Keeping master green at scale | the morning paper

Keeping master green at scale Ananthanarayanan et al., EuroSys’19

This paper provides a fascinating look at a key part of Uber’s software delivery machine. With a monorepo, and many thousands of engineers concurrently committing changes, keeping the build green, and keeping commit-to-live latencies low, is a major challenge.

This paper introduces a change management system called SubmitQueue that is responsible for continuous integration of changes into the mainline at scale while always keeping the mainline green.

The challenge: build fails at scale

Each individual submitted change will have passed all local tests, but when you put large numbers of concurrent changes together conflicts can still happen. Finding out what’s gone wrong is a tedious and error-prone task often requiring human intervention. Meanwhile, new features are blocked from rolling out.

So the goal is to keep it green:

…the monorepo mainline needs to remain green at all times. A mainline is called green if all build steps (e.g., compilation, unit tests, UI tests) can successfully execute for every commit point in the history. Keeping the mainline green allows developers to (i) instantly release new features from any commit point in the mainline, (ii) roll back to any previously committed change, and not necessarily to the last working version, and (iii) always develop against the most recent and healthy version of the monorepo.
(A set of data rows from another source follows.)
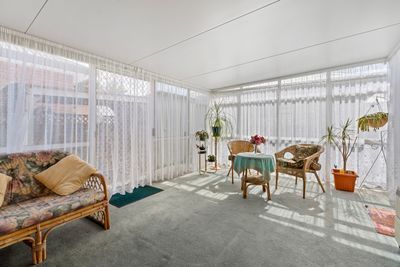 6 Rimu Court, Feilding, Manawatu | Tall Poppy 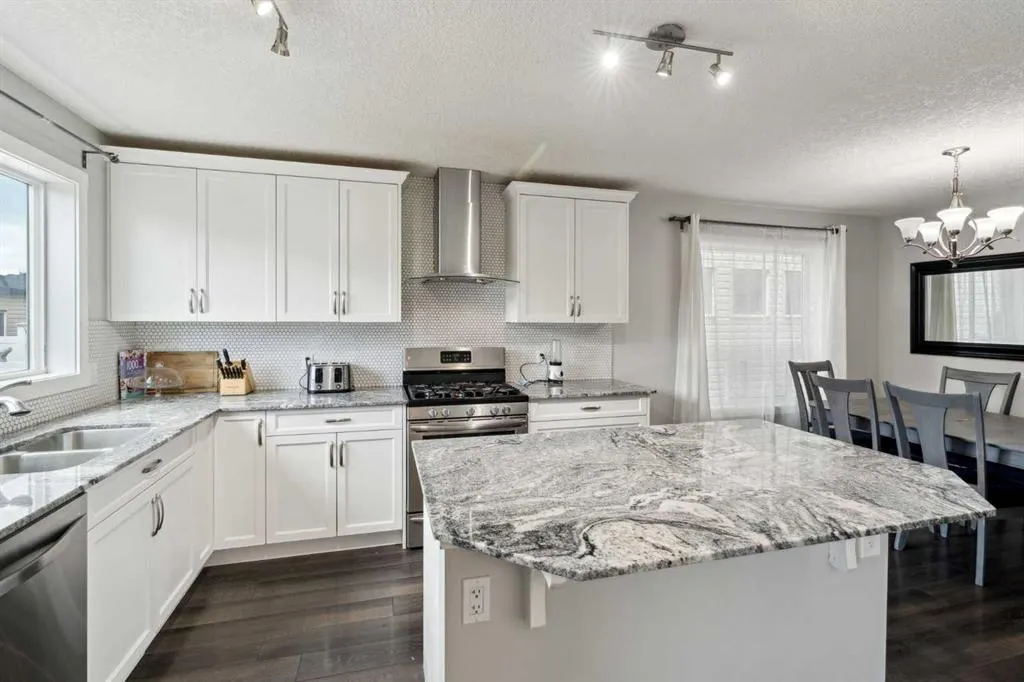 1488 Legacy Circle SE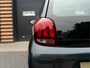 Peugeot 108 1.0 e-VTi AUTOMAAT NIEUWSTAAT I 1ste eig. I Airco I Automaat I NL-auto I Led I BTW-auto I NAP I Carplay I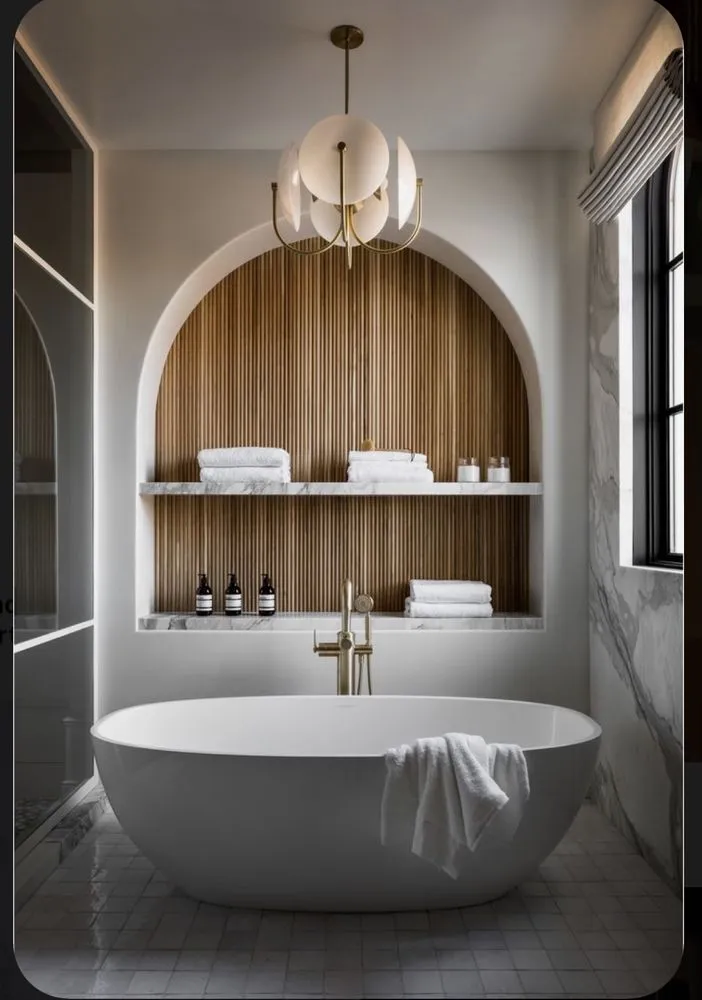 Slide of Builders Hub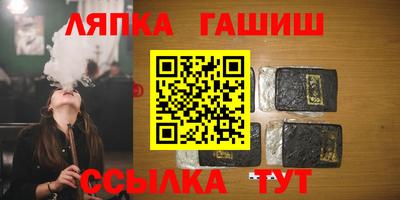 дмт Будённовск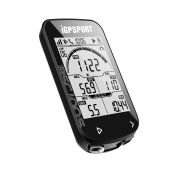 navigace iGPSport BSC100S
Here’s 9 months of data for the Uber iOS and Android repos, showing the probability of conflicts as the number of concurrent changes increases:

At ‘only’ 16 concurrent and potentially conflicting changes, there’s a 40% chance of a problem. Thus, “despite all efforts to minimize mainline breakages, it is very likely that the mainline experiences daily breakages due to the sheer volume of everyday code changes committed to a big monorepo.”

And that’s exactly what Uber saw. Here’s a one week view of the iOS mainline prior to the introduction of SubmitQueue. The mainline was green only 52% of the time.

(Since the introduction of SubmitQueue over a year ago, mainlines have remained green at all times).

To keep the mainline green we need to totally order changes and only apply patches to mainline HEAD if all build steps succeed.

The simplest solution to keep the mainline green is to enqueue every change that gets submitted to the system. A change at the head of the queue gets committed into the mainline if its build steps succeed. For instance, the rustproject uses this technique to ensure that the mainline remains healthy all the time. This approach does not scale as the number of changes grows. For instance, with a thousand changes per day, where each change takes 30 minutes to pass all build steps, the turnaround time of the last enqueued change will be over 20 days.

20 day turnarounds clearly is not going to lead to a high performing organisation! One possible solution to reduce the latency is batching changes, but then we’re back at the problem of conflicts and complex manual resolution if we’re not careful. Another tactic is optimistic execution – given enough compute we can start builds in parallel on, with the assumption that all pending changes submitted will succeed. This approach suffers from high failure rates and turnaround times still though as failure of a change can abort many optimistically executing builds.

SubmitQueue

Uber’s solution to these challenges is SubmitQueue.

SubmitQueue guarantees an always green mainline by providing the illusion of a single queue where every change gets enqueued, performs all its build steps, and ultimately gets merged with the mainline branch if all build steps succeed.

Developers create changes, which pending a review process are packaged into a revision. Revisions are submitted to the SubmitQueue for integration into the monorepo.

SubmitQueue’s planner engine orchestrates executions of ending changes.

In order to scale to thousands of changes per day while ensuring serializability, the planner engine speculates on outcomes of pending changes using a speculation engine, and executes their corresponding builds in parallel by using a build controller.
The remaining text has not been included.